• What the task requires: The data below should be restated word for word, pictures omitted.

• Supplied records:
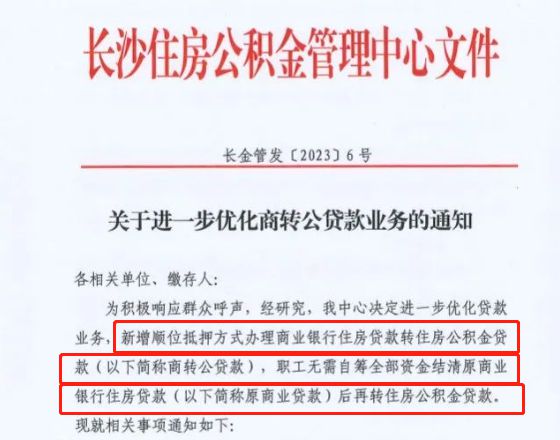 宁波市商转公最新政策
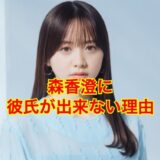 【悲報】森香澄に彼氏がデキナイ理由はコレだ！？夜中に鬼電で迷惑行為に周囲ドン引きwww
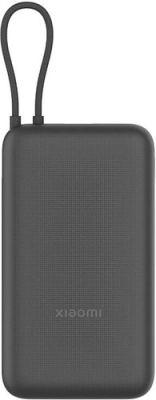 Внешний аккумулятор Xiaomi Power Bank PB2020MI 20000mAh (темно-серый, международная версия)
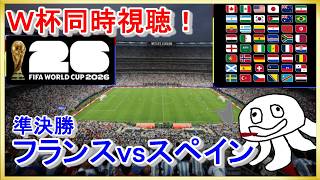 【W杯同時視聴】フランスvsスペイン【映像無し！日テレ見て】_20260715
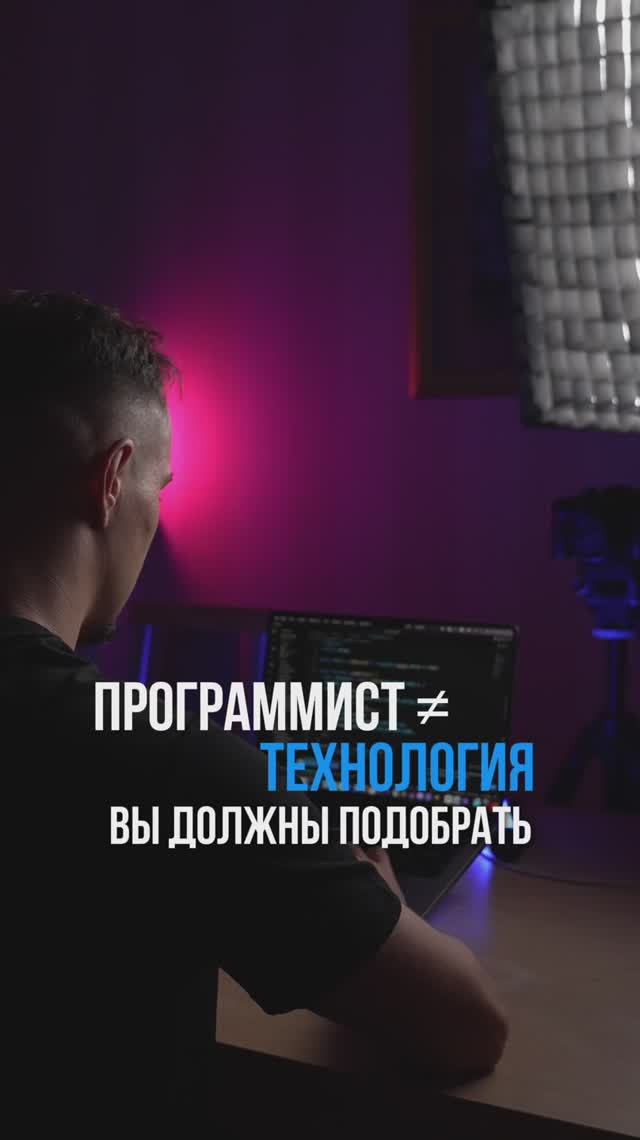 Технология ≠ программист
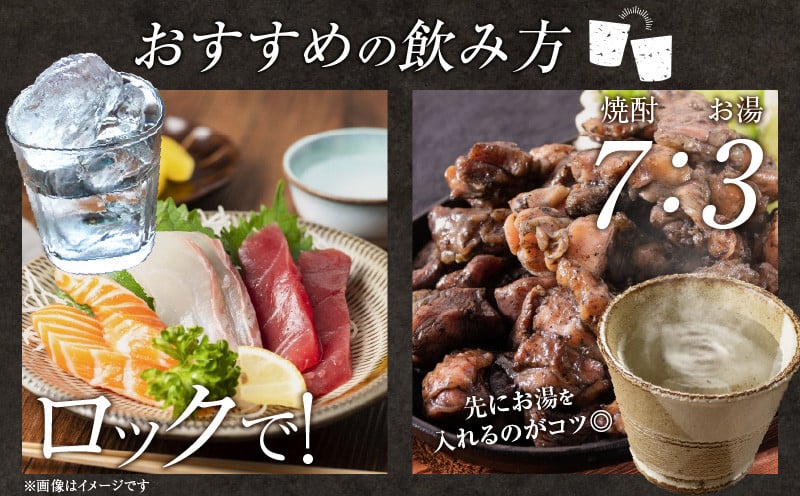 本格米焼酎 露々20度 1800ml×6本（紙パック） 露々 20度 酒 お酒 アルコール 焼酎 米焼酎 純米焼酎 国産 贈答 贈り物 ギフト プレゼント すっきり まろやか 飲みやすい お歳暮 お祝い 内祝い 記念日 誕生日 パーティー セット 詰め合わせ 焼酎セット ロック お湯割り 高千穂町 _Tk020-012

• Output for this exercise:
 宁波市商转公最新政策
 【悲報】森香澄に彼氏がデキナイ理由はコレだ！？夜中に鬼電で迷惑行為に周囲ドン引きwww
 Внешний аккумулятор Xiaomi Power Bank PB2020MI 20000mAh (темно-серый, международная версия)
 【W杯同時視聴】フランスvsスペイン【映像無し！日テレ見て】_20260715
 Технология ≠ программист
 本格米焼酎 露々20度 1800ml×6本（紙パック） 露々 20度 酒 お酒 アルコール 焼酎 米焼酎 純米焼酎 国産 贈答 贈り物 ギフト プレゼント すっきり まろやか 飲みやすい お歳暮 お祝い 内祝い 記念日 誕生日 パーティー セット 詰め合わせ 焼酎セット ロック お湯割り 高千穂町 _Tk020-012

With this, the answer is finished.